Linking MPs’ expenses to the average wage
Author: Zoe Stavri
Published on Sep 03, 2012
The Independent Parliamentary Standards Authority (Ipsa) have launched a review into MPs’ salaries and pensions. The Daily Mail reports that one of the proposals they are considering is linking MPs’ salaries to the average wage. Under these proposals, MPs would receive a salary that is 2.5 times the national average wage. Ipsa will launch a formal consultation into the issue in the autumn.
At present, MPs’ salaries are reviewed annually. Sometimes they increase sharply compared to the average wage, while at other times there is a slow decline. Currently, MPs’ salary increases are lower than average wage inflation. Fixing their salaries to the average wage would remedy this issue. It would also be easier to calculate.
There are important questions to be raised about the proposal though. Firstly, a practical issue: what sort of average wage should be used as a metric? From the Mail’s report, it appears that Ipsa are considering linking it to the median wage, which is calculated by putting wage data in ascending order; the median is the number in the middle. An alternative is the mean wage, although this is skewed by outliers. Due to a small number of highly-paid individuals, mean wage is higher, and is easily raised by increasing the number of ultra-rich individuals. Conversely, there is the modal wage, which is the most commonly-paid wage. This is much lower than the median wage, as it is skewed by the effect of employers paying minimum wage. Each type of average has its strengths and weaknesses, which is linked to the broader debate about how much MPs should be paid.
Secondly, should average wage be tied to national average wage, or should each MP be paid in relation to the average wage in their constituency? The argument for this is that MPs might be incentivised to raise living conditions of the people they are elected to represent. However, it is debatable how much influence MPs have over average wage, although it may incentivise MPs to move poorer people out of their constituencies. This could perhaps be solved by linking average wage to regions or nations, although regions with lower average wage are typically further from London, which would increase travel expenses for MPs travelling from their constituencies to Westminster.

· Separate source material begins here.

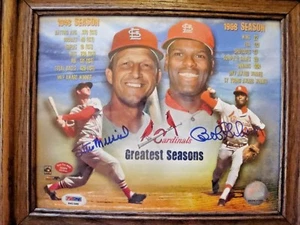 STAN MUSIAL/BOB GIBSON HANDSIGNIERT 8/10 GREATEST SEASONS PSA/DNA - Bild 1 von 5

And finally, is 2.5 times the average wage the right ratio? On the one hand, this vastly differs from the level of income earned by the majority of their constituents. However, fixing salaries lower could lead to turning being an MP into the pursuit of those who are already more economically advantaged. Furthermore, a lower salary might mean more creative uses of expenses.
Clearly there is a lot to talk about before a decision can be made. How do you think MPs should be paid?